June 16, 2011
Mississippi Kites copulating
Mississippi Kites copulating
Driving through the Midwest recently, flipping stations on a rental car radio looking for classic rock, I came across 1380AM (The Ticket), a sports talk show out of Lawton, Oklahoma.  The host and his two cronies, corroborating what women everywhere have always said, were discussing Maxim’s latest ranking of the world’s ten hottest women--whenever men get together it’s sports and sex, and not necessarily in that order.
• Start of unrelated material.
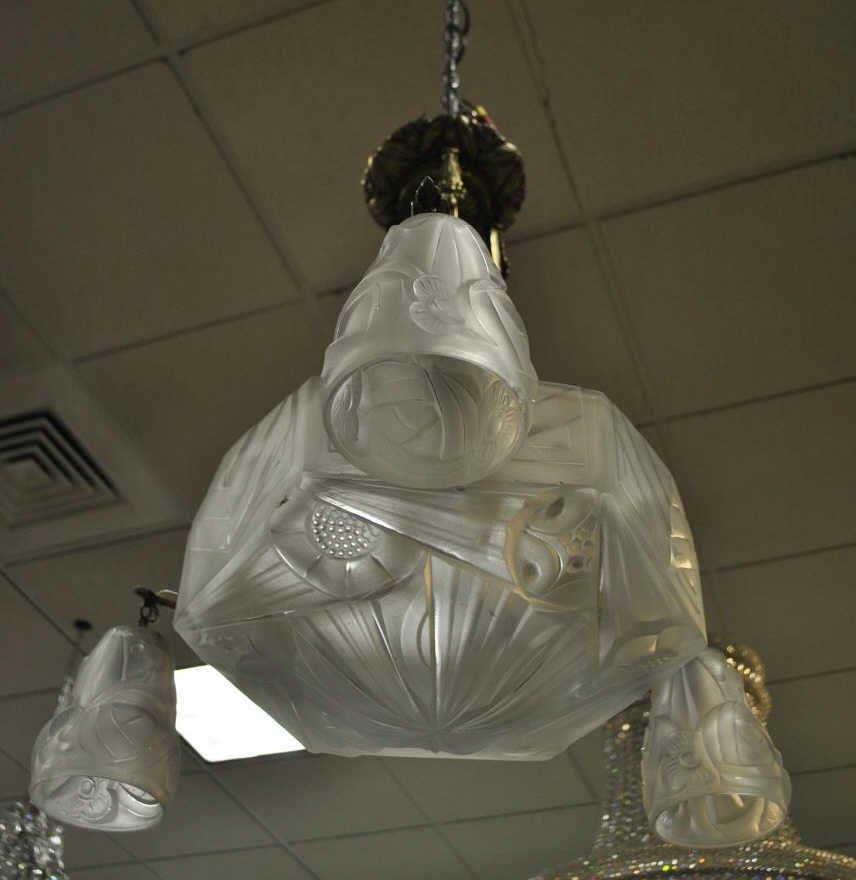 Degue French Art Glass Art Deco Chandelier: Antique French frosted art glass Art Deco chandelier signed Degue. Having a large central domed glass shade with three smaller shades, showing Art Deco lines and floral motif designs. Three bronze ste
I stayed for a couple minutes, heard one funny line (“If her back pockets meet, she’s definitely not top ten”), then moved on, but it got me to thinking about what attributes of birds are most attractive to birders, and how we rank the birds we like.  Most hard core birders have, even if it’s just a mental note, a “favorites” list, and favored families are often raptors, hummingbirds, or warblers.   What criteria inform these lists and why are raptors the “it” birds for so many despite their drab plumage and inability to sing?

On this trip I was spending late afternoons, the sun behind me, with a pair of Mississippi Kites I had found perched in the same creek bottom snags several days in a row.  Sure that they were establishing a nesting territory, I was trying to capture lifestyle images of these most graceful of aerialists, and my chain of thought after listening to the Maxim rankings led naturally to a personal ranking of North America’s raptors.

Raptors because they’re at the top of the food chain, fearsome and fearless hunters, untamable and free.  Raptors because of the awesome flight capabilities, the vision eight times more powerful than ours, the beak that is a shredding tool, the crushing talon strength and lethal claws.  Raptors because falconry became a sport for medieval royalty, a metaphor for war.  Here’s my list, in order.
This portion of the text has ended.